The enemy does not love Christmas.  In fact, He knows that we are saved because of the birth of Jesus Christ.  I think that is why there is so much pain at Christmas sometimes.  He attacks people at their weakest at a time when they are praising the One who saved them.  He attacks and tries to turn their vulnerability into a reason to distrust God.  This is when we need God the most!  He will not let us falter, He will not let us down, He does walk through every joy and every sorrow with us.

Hanging the ornaments on our Christmas tree each year is bittersweet.  There are ornaments that were meant for Joshua.  There are ornaments from people that are no longer here…that died too young.  There are bitter memories along with sweet ones.  My parents just attended a funeral of a great man who was attacked by cancer.  His family knows beyond a shadow of a doubt that he is celebrating Christmas with his Savior this year, but each Christmas will have a scar as they remember the husband, father, brother and friend that they lost.  My friend just was served divorce papers this week, a friend who has done nothing but try to save her marriage as her spouse has thrown it away.  Another friend is facing her third Christmas without her husband at home.  Life is tough and it seems to get harder at the times when we think we should be untouchable. Satan may attack, he may even win a few battles, but we know that the Lord is the ultimate victor.  We know the end and He has already won.  Don’t lose hope, don’t lose faith, put your trust in the One who is with you each step of the way.  Celebrate Christmas and have joy in the Lord!

Prayer Warriors

I am a prayer warrior.  I don’t say that to pat myself on the back or to condescend myself that I can’t do it on my own.  I say it because I cannot do anything on my own.  I am nothing without Christ.  And because He loves me, He asks me to pray and bring myself to Him each day; to leave my heartaches, my sorrows, my joys, my triumphs, my everything at the cross.  It is all His already, it is just for me to let go and give back to Him.  

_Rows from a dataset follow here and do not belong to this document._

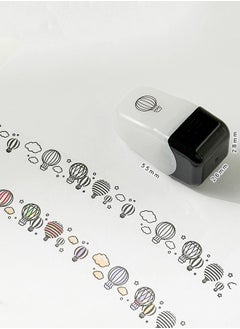 Generic Children's Handmade Roller Stamp Handbook Supplies Stationery Cute Decoration Cartoon Painting Colouring Stamps  - Image 5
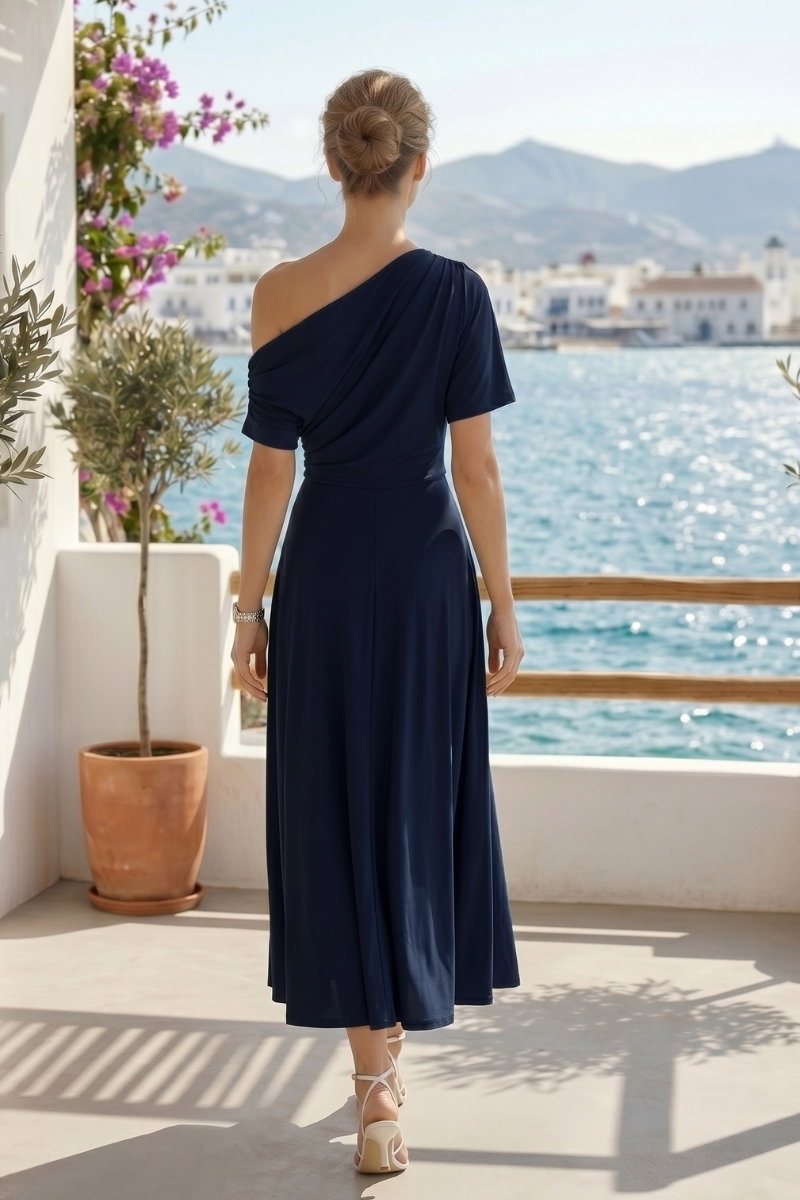 Omzu Açık Şık Elbise 62224JNT1202 görsel 4
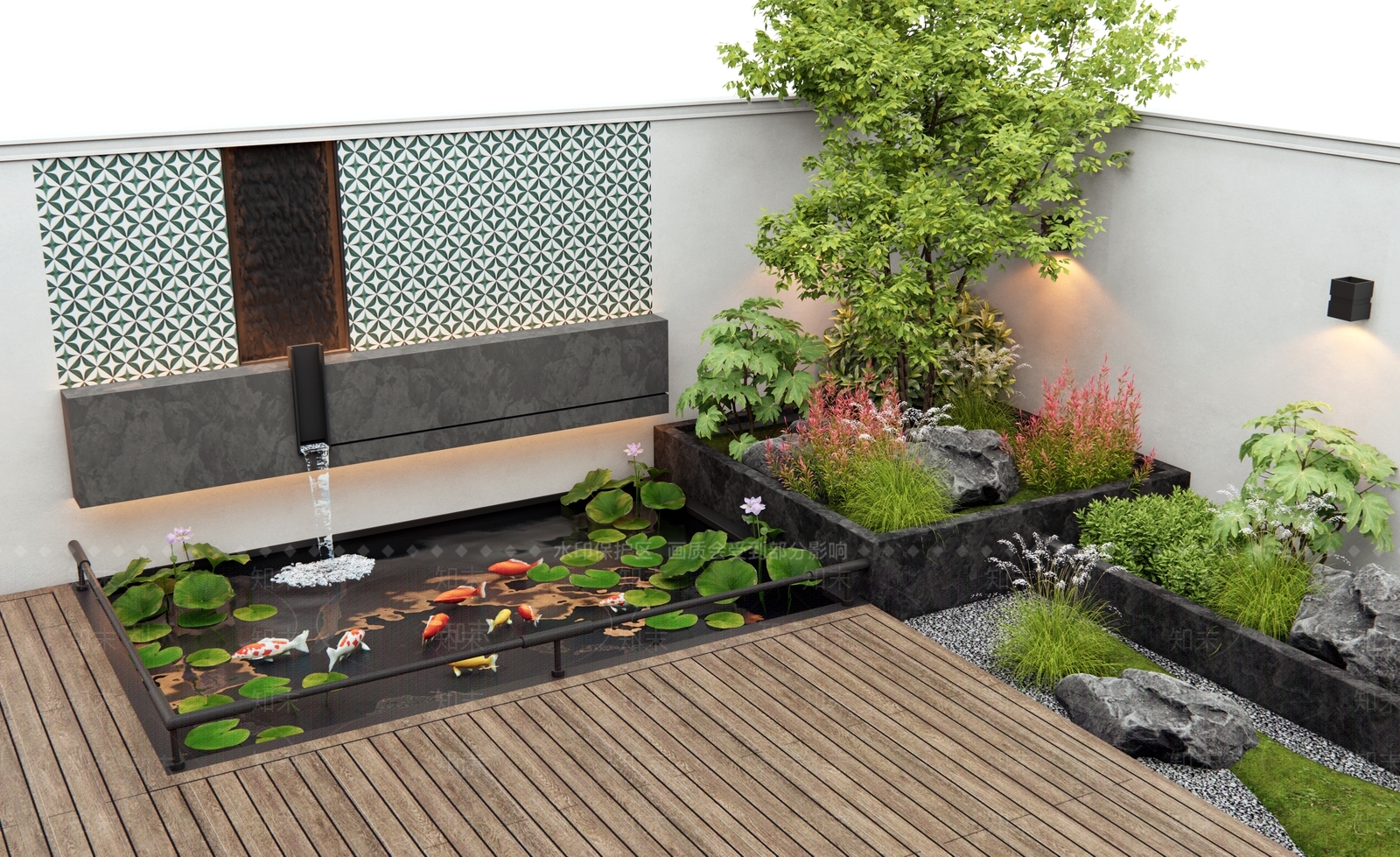 现代庭院3D模型下载【ID:1195168233】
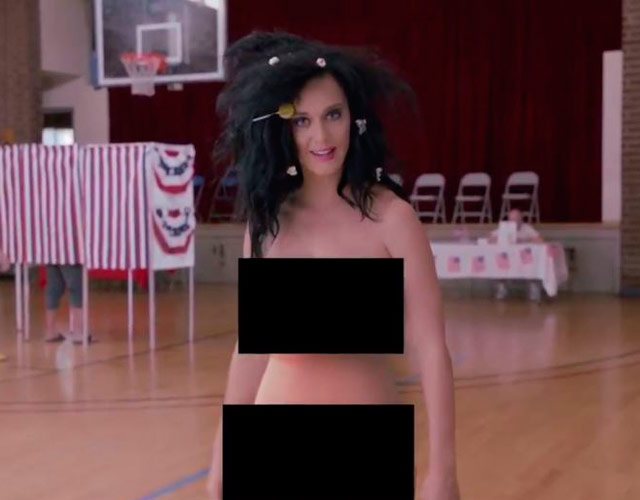 Katy Perry desnuda te anima a votar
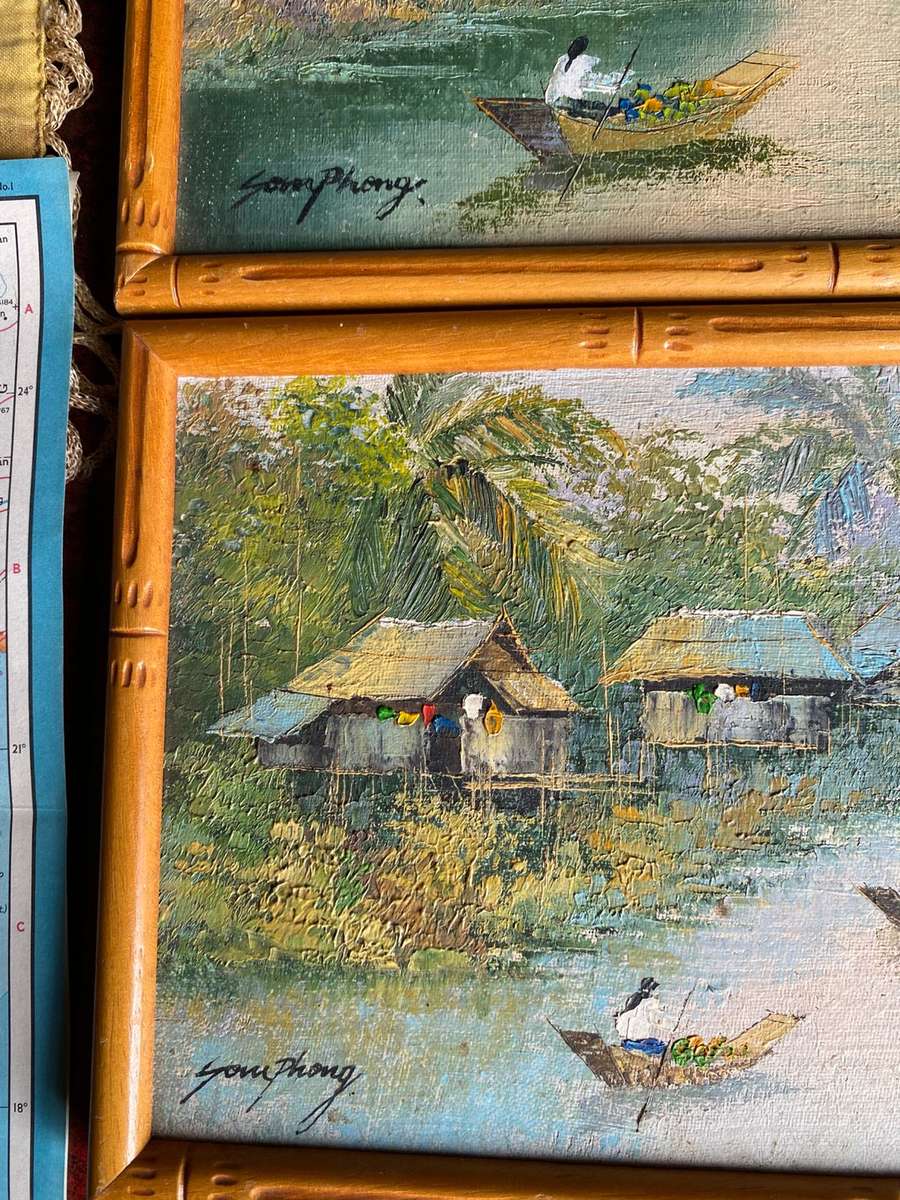 A BANNER WITH A WOVEN PATCH FOR THE VIETENAM WAR ARVN(ARMY OF THE REP. OF VIETNAM)AIR FORCE SURVEILL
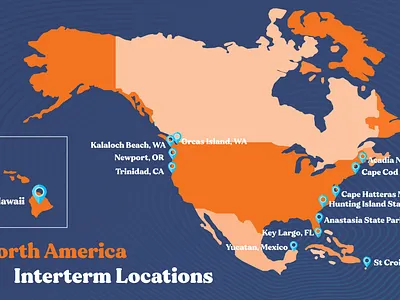 Baker Interterm Travel Locations graphic design illustrations information design vector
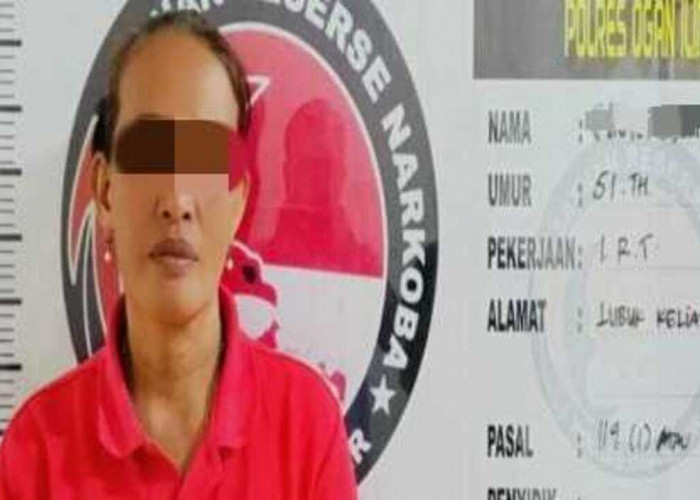 Polres Ogan Ilir Tangkap Seorang Ibu Rumah Tangga Pengedar Sabu di Lubuk Keliat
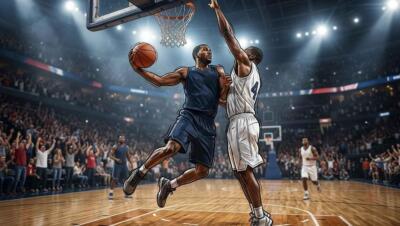 Jugadores disputan una jugada clave durante el Juego 3 de las Finales de la NBA.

Jesus Himself spent a great deal of time in prayer.  Jesus tells us throughout the Bible to pray, to come to Him, to ask in His name.  

He doesn’t promise us sports cars and diamond rings.  He doesn’t promise us that life will go on the way we want it to simply because we pray.  He does promise He will walk through life with us, share in the joys and carry us through the sorrows.  And, He does promise that if we pray in His name according to His will, our prayers will be answered positively.  My husband and I have been greatly blessed to see Him answer our prayers with a resounding yes in terms of our children’s health before they were born.  We have also been blessed when the answer was not the one we wanted and He carried us through the pain.  

Even if His answer is “no”, “not yet” or  “not in this way” it doesn’t mean His love is any less.  Rather, His love is more.  He knows the final outcome, knows the plan, knows the hurt and lives through all of it with us.  Each time we pray, we come closer to our Lord and Savior.  Even if your prayers begin with one word, just His name, each time you come to His feet, you will grow closer and He will guide you more.   I encourage each of you to ask Him today to help you to pray more and more each day and thank Him for listening, for being and for loving.

 

Psalm 145:18

The LORD is near to all who call on him, to all who call on him in truth.

Proverbs 15:29

The LORD is far from the wicked but he hears the prayer of the righteous.

Matthew 7:11

If you, then, though you are evil, know how to give good gifts to your children, how much more will your Father in heaven give good gifts to those who ask him!

Luke 6:12

One of those days Jesus went out to a mountainside to pray, and spent the night praying to God

Luke 18:1

Then Jesus told his disciples a parable to show them that they should always pray and not give up

Romans 8:26

In the same way, the Spirit helps us in our weakness. We do not know what we ought to pray for, but the Spirit himself intercedes for us with groans that words cannot express.

Philippians 4:6

Do not be anxious about anything, but in everything, by prayer and petition, with thanksgiving, present your requests to God.

Colossians 4:2

Devote yourselves to prayer, being watchful and thankful.

1 Thessalonians 5:17

pray continually

James 4:2-3

2 You desire but do not have, so you kill. You covet but you cannot get what you want, so you quarrel and fight. You do not have because you do not ask God. 3 When you ask, you do not receive, because you ask with wrong motives, that you may spend what you get on your pleasures.

“small” blessings

Sometimes the little things in life prove to be the biggest and best blessings and joys.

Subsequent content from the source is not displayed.